Two days before Christmas my husband and I went to Lincoln Center to see City Ballet’s Nutcracker, as choreographed by Balanchine himself. According to the program, Balanchine is the one who brought this ballet back into the modern story ballet repertoire and established it as the Christmas ballet of choice for all dance companies, and before he touched it, it has pretty much been unloved in forgotten*. What I was there to see, though, was not “The Nutcracker, as Envisioned by Mr. B. in the Great Revelation Which He Shared with America,” but rather yet another take on one of my favorite story ballets (most of the versions I see credit Petipa as being the originator of their choreography), one which has millions of different possible combinations of how to handle the music. I’ve seen Kent Stowell’s (at Pacific Northwest Ballet), Matthew Bourne’s, English Ballet’s, Arizona Ballet Theater’s, and a few others I can’t remember right now. I love the way all of these different choreographers and dance companies take something which I sort of think doesn’t have a lot of flexibility (the music stays the same and there’s always the Hoffman story behind it all) and makes completely different ballets – in my mind, at least.

City Ballet’s Nutcracker is most notable, in my mind, for the fact that rather than having Clara turn into an adult before she goes into the fantasy world (where the various Suite dances take place), a child is present throughout in the role – which limits the dancing she can do, as you’ll never get anywhere near the same quality of dancing from an 8 or 10 year old as a 24 year old! (She’s also called “Marie” instead of Clara – how did that happen? – and was performed by Maria Gorokhov.) This also limits the emotional intensity of the role – it’s not about her coming into adulthood, it’s dancing about an 8 year and her toys and fantasies. This is not intrinsically interesting and, I think, diminishes the overall potential of the ballet substantially.
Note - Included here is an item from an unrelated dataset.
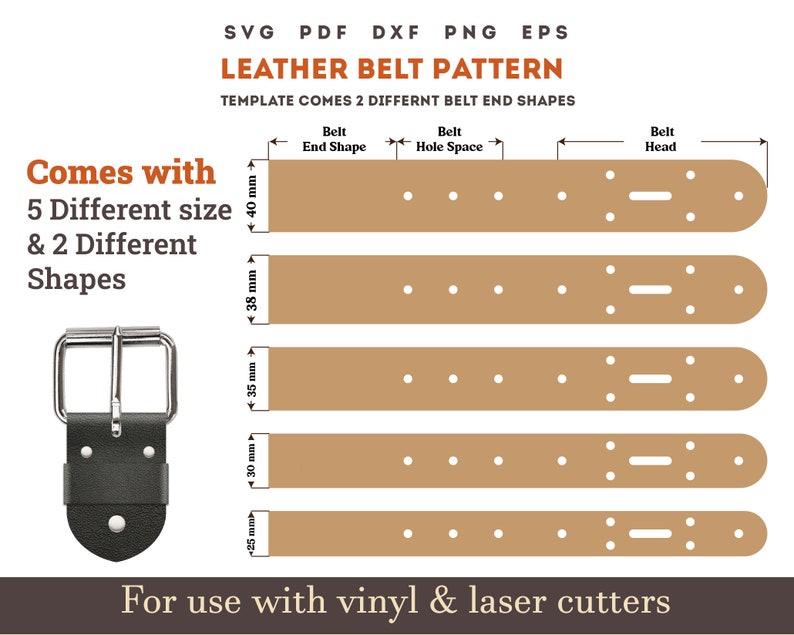 Leather Belt PDF Pattern Svg 5 different size Belt End Template SVG Pattern, Leather laser cutting file Bundle svg pdf on size A4 Print 40 mm 38 mm  35 mm 30 mm 25 mm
That said, there are things to enjoy about the first act, primarily the costumes and the charm of the young dancers (and some fun scenery as a scrim is used to hide the living room, the first time I’ve ever seen this done – the children stand in front of a door and peer in the keyhole, and the lights go on behind the scrim so we can see what they are looking at). This half of the Nutcracker follows a more or less normal “plot,” with boys and girls (and adults) showing up for a party at Marie’s parent’s house, Marie being given a Nutcracker, and the inevitable fight between the boys with their war toys and Marie (and the girls) which results in the Nutcracker being injured, a “growing Christmas tree” and rat/mice versus Nutcracker battle.

City Ballet’s also has a dance for other toys that Drosselmeier brings with him, in this case a toy soldier (Austin Laurent) and a “Harlequin and Columbine” pair (Erica Pereira and Brittany Pollack). There is also a new character, the nephew of Drosselmeier (played by Joshua Shutkind), who is kind to and solicitous of Marie (and later becomes the spirit animating the Nutcracker when we move on to the dream sequence). Marie falls asleep on a couch and the story transitions into the dream sequence, of which the most notable thing was the multi-headed rat king. Once the Nutcracker has defeated him, his crown is given to Marie, and the set is swept away to a snowy wonderland (no idea why) where Marie and the Nutcracker appear to be royalty of some sort and hordes of ballerinas come out to dance as snowflakes while white bits fall from the ceiling. This last bit was pure theatrical magic, although I was a bit worried that the ballerinas were going to slip on the “snow.”

The second half follows the conceit that the ballet is taking place in the “Land of Sweets,” but all of the traditional names for the solos have been changed. The Arabian (or Peacock in Stowell’s version) dance is now “Coffee,” the Chinese dance is “Tea,” the Russian dance is Candy Canes – where did this come from? I was put off my the peculiar choices here. On the other hand, the freaky woman with the giant skirt I hadn’t seen since Ballet Arizona made an appearance, and I got a huge laugh watching the little kids come out from under her skirts and dance on stage. Thanks to Justin Peck for being this ballet’s panto dame (Mother Ginger, to be accurate) – I really enjoyed his clowning and hamming. We also got a nice Waltz of the Flowers, with the flowers in lovely tiered full skirts in increasing intensity of pink that poofed up gorgeously as they swirled around. Aaah!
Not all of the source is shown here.